Des instruments à disposition
Du côté de Philadelphia, c’est un parking payant qui a mué en vaste aire de jeux colorée le temps d’un été. Pour cinq à six semaines, l’espace est renommé « The Oval + », le sol bariolé de couleurs et de formes géométriques destinées à devenir autant d’aires de jeux propices à stimuler l’imagination des enfants. Des instruments, comme des pianos, sont mis à la disposition du public, et des activités sont organisées par une équipe dédiée, disposant d’un budget annuel. Cette première version de ce qui était un projet pilote, entamé en 2013, s’est pérennisée devant le succès de l’opération. Chaque été, une équipe réaménage le parking et lance les festivités, faisant de cette période un moment privilégié pour les habitants, dont l’image du quartier est rehaussée par cette initiative.

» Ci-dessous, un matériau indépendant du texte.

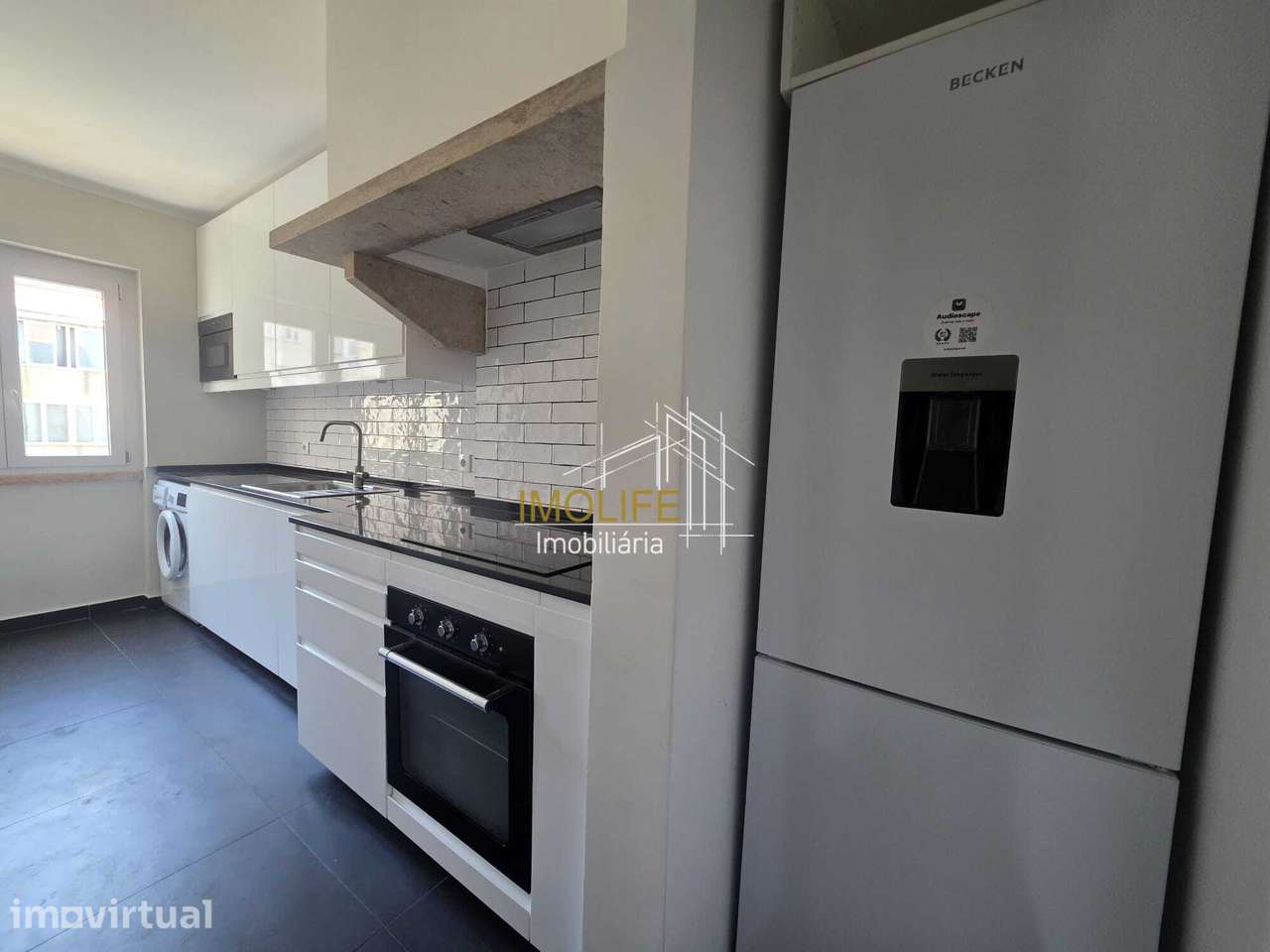 T2 Remodelado com Excelente Luminosidade em Campo de Ourique – Lisboa - Grande imagem: 3/25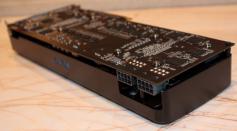Evga mit Dual-GF11x-Karte (Geforce GTX 595?)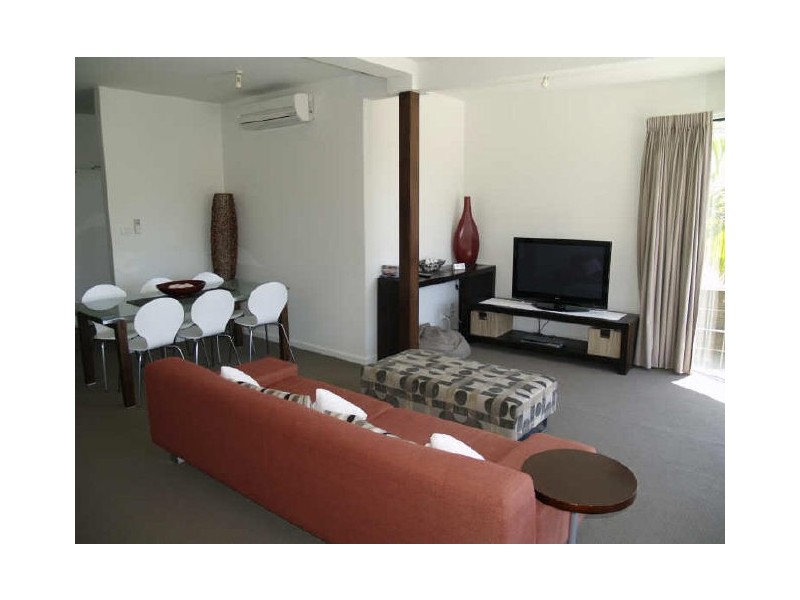1 & 2/47 Christmas Bush Avenue, Nelson Bay NSW 2315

Préparer un projet d’Asphalt Art, mode d’emploi
- Initier le projet : quel est l’objectif du projet ? De qui provient-il ? Qui est impliqué ? Quelle est sa longévité ? Quel est l’état du sol sur le lieu cible ? Qui prendra le leadership, essentiel pour gérer le timing et le budget ?
- Réunir une équipe : elle comprend des représentants de toutes les parties impliquées mais doit être restreinte. Elle est souvent accompagnée d’un comité d’organisation pour la mise en œuvre.

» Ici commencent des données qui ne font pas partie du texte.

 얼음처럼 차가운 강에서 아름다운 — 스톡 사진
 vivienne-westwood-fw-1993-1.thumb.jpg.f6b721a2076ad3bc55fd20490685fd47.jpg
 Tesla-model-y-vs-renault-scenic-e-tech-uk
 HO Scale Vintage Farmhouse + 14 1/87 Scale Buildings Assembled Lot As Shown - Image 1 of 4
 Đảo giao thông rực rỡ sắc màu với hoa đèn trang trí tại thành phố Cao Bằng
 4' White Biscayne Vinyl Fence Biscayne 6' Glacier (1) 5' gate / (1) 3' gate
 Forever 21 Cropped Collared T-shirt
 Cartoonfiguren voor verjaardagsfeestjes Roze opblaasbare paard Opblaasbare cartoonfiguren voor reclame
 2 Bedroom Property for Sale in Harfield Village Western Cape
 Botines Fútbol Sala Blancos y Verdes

- Gérer un budget : la provenance des fonds peut varier : budget municipal, dotation de fondations ou de programmes spécifiques, sponsoring ou levée de fonds (type crowdfunding). Les budgets d’asphalt art sont généralement légers.
- Élaborer le design : choisir entre lancer un appel à contribution ou bien la sélection d’un artiste, soit de renommée soit local, pour valoriser la communauté. Ne pas écarter la possibilité de disposer de ressources au sein même de l’équipe. Identifier les points sensibles, procéder à une large consultation pour éviter les maladresses : le design doit être guidé par l’identité du quartier.

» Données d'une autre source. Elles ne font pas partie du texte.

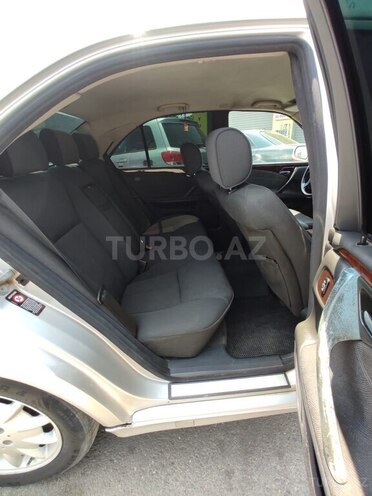 Mercedes E 270 2001, 445,452 km - 2.7 l - Sumqayıt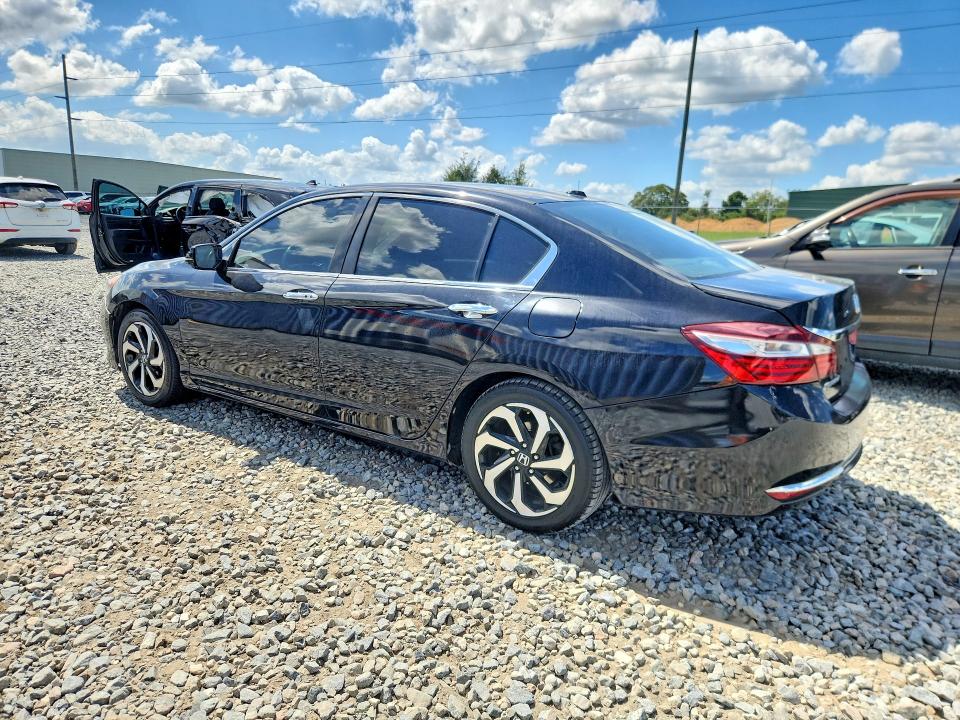 Продажа на аукционе авто 2016 Honda Accord, vin: 1HGCR2F82GA090379, номер лота: 68515556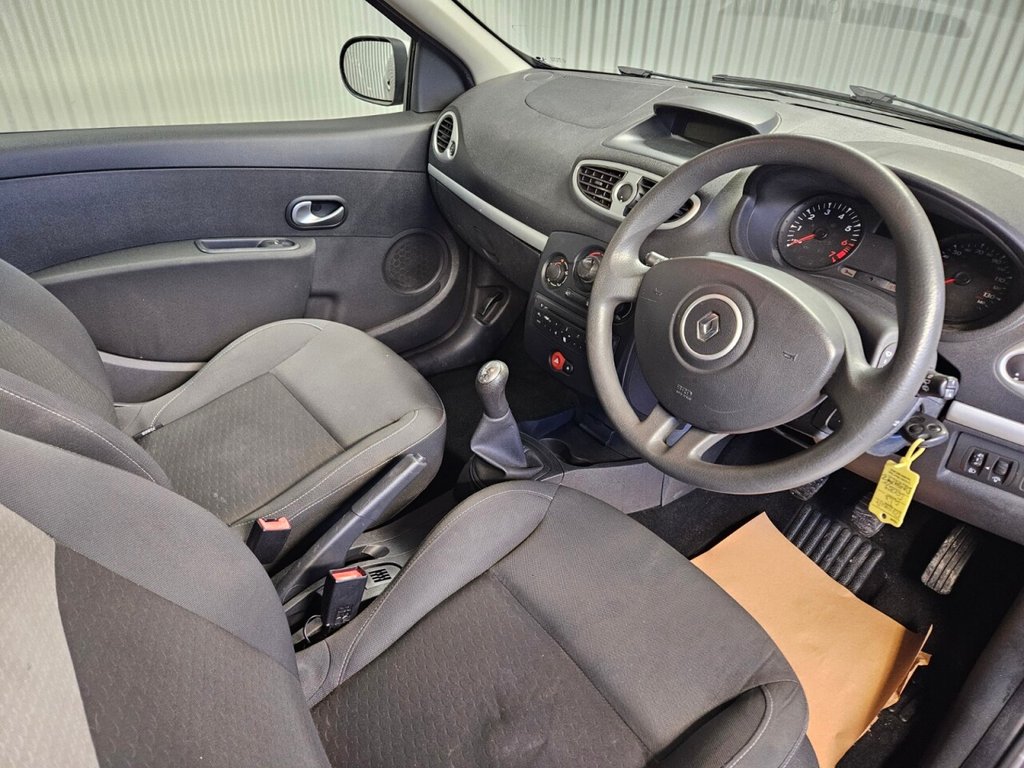 Used Renault Clio 2009 for sale - 77140160: Photo 14
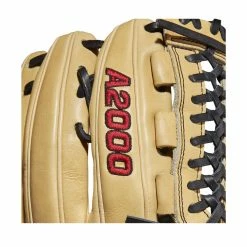2022 Wilson A2000 D33 11.75" Pitcher's Baseball Glove: WTA20RB22D33 -Outlet Fielding Gloves Store WBW100393 5 A2000 Leather D33 1175 Blonde Black.png.cq5dam.web .1200.1200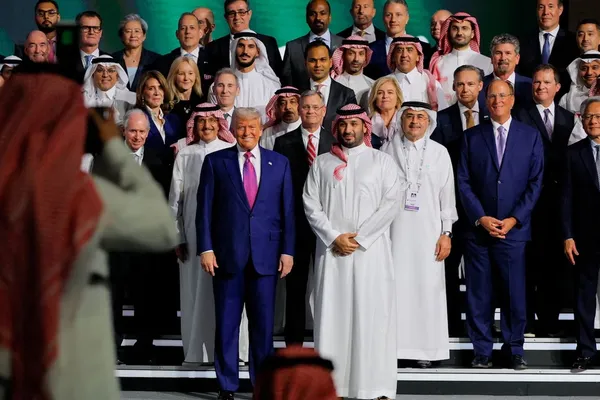 Arab states urge US not to stop short in war on Iran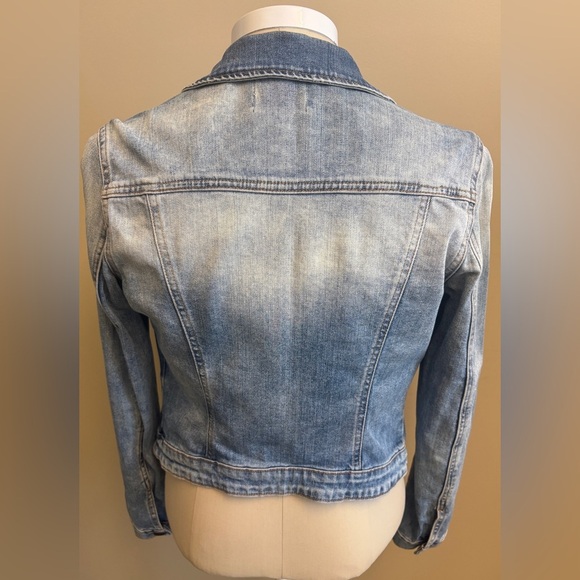 Zara Classic Button-Up Two Tone Blue Jean Denim Jacket women's size Medium - Picture 4 of 8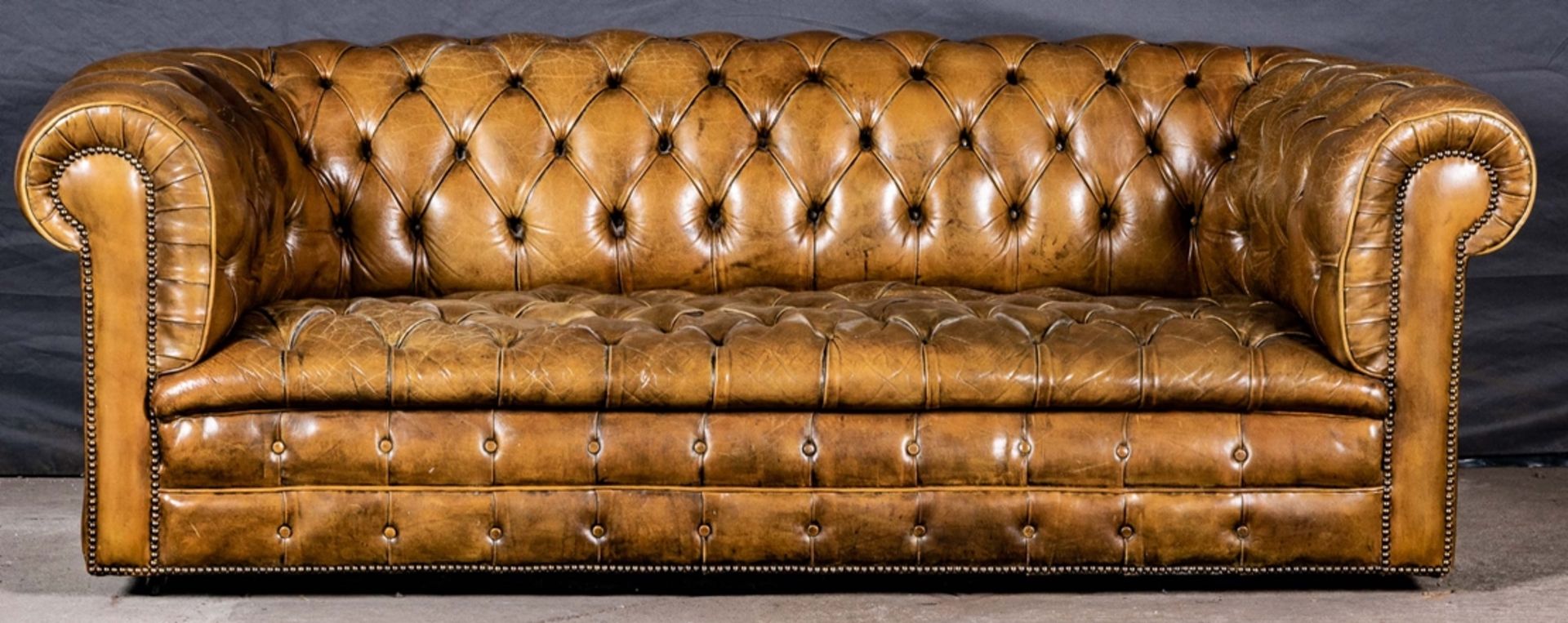 Chesterfield-Sofa, braunes Leder mit typischer Knopfheftung; guter, gebrauchter, unperfekter Erhalt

- Inclure la communauté locale : les habitants peuvent être inclus par le biais de réunions publiques, de porte à porte, la distribution de flyers. Ils peuvent aussi voter pour sélectionner un design parmi deux ou trois retenus par l’équipe organisatrice. Inviter les habitants à se porter volontaires pour peindre, engager les écoles, les associations et commerces locaux dans le processus.
- Mettre en œuvre : gestion de la logistique et de l’organisation le jour J, puis inauguration.
- Gérer l’intendance et évaluer : envisager qu’il puisse être nécessaire de procéder à des ajustements après la première réalisation. Prévoir dès le départ, selon la durée de vie prévue pour l’aménagement, un entretien régulier et un suivi de l’évolution des lieux. Enfin, évaluer le succès de l’opération en relevant divers points, comme la vitesse de circulation, le respect des aménagements par les véhicules et usagers, le comportement des piétons et leur sentiment de sécurité, l’utilisation de l’espace par les habitants.